▶ **GIVEN DATA**:
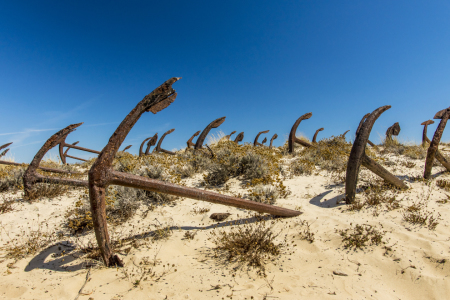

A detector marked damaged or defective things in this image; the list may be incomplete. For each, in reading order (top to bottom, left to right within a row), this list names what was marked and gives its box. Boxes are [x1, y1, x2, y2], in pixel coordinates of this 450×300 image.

rusty anchor [22, 123, 89, 200]
corroded metal surface [23, 123, 89, 200]
rusty anchor [58, 131, 100, 164]
large rusty anchor [58, 131, 100, 164]
rusty anchor [154, 127, 177, 155]
corroded metal surface [155, 127, 176, 155]
large rusty anchor [154, 127, 177, 155]
rusty anchor [86, 78, 300, 268]
large rusty anchor [86, 78, 300, 268]
corroded metal surface [86, 78, 300, 268]
rusty anchor [193, 117, 225, 150]
corroded metal surface [193, 117, 225, 150]
rusty anchor [288, 113, 312, 154]
corroded metal surface [288, 113, 312, 154]
large rusty anchor [288, 113, 312, 154]
corroded metal surface [344, 105, 408, 204]
large rusty anchor [344, 106, 408, 204]
rusty anchor [344, 106, 408, 204]
rusty anchor [384, 122, 400, 142]
corroded metal surface [384, 122, 400, 142]
large rusty anchor [384, 122, 400, 143]
rusty anchor [424, 107, 450, 179]
corroded metal surface [424, 108, 450, 178]
large rusty anchor [424, 108, 450, 179]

▶ **PROBLEM**:
What is needed is the data above, retyped exactly, with every picture left out.

▶ **SOLVED PROBLEM**:
A detector marked damaged or defective things in this image; the list may be incomplete. For each, in reading order (top to bottom, left to right within a row), this list names what was marked and gives its box. Boxes are [x1, y1, x2, y2], in pixel coordinates of this 450×300 image.

rusty anchor [22, 123, 89, 200]
corroded metal surface [23, 123, 89, 200]
rusty anchor [58, 131, 100, 164]
large rusty anchor [58, 131, 100, 164]
rusty anchor [154, 127, 177, 155]
corroded metal surface [155, 127, 176, 155]
large rusty anchor [154, 127, 177, 155]
rusty anchor [86, 78, 300, 268]
large rusty anchor [86, 78, 300, 268]
corroded metal surface [86, 78, 300, 268]
rusty anchor [193, 117, 225, 150]
corroded metal surface [193, 117, 225, 150]
rusty anchor [288, 113, 312, 154]
corroded metal surface [288, 113, 312, 154]
large rusty anchor [288, 113, 312, 154]
corroded metal surface [344, 105, 408, 204]
large rusty anchor [344, 106, 408, 204]
rusty anchor [344, 106, 408, 204]
rusty anchor [384, 122, 400, 142]
corroded metal surface [384, 122, 400, 142]
large rusty anchor [384, 122, 400, 143]
rusty anchor [424, 107, 450, 179]
corroded metal surface [424, 108, 450, 178]
large rusty anchor [424, 108, 450, 179]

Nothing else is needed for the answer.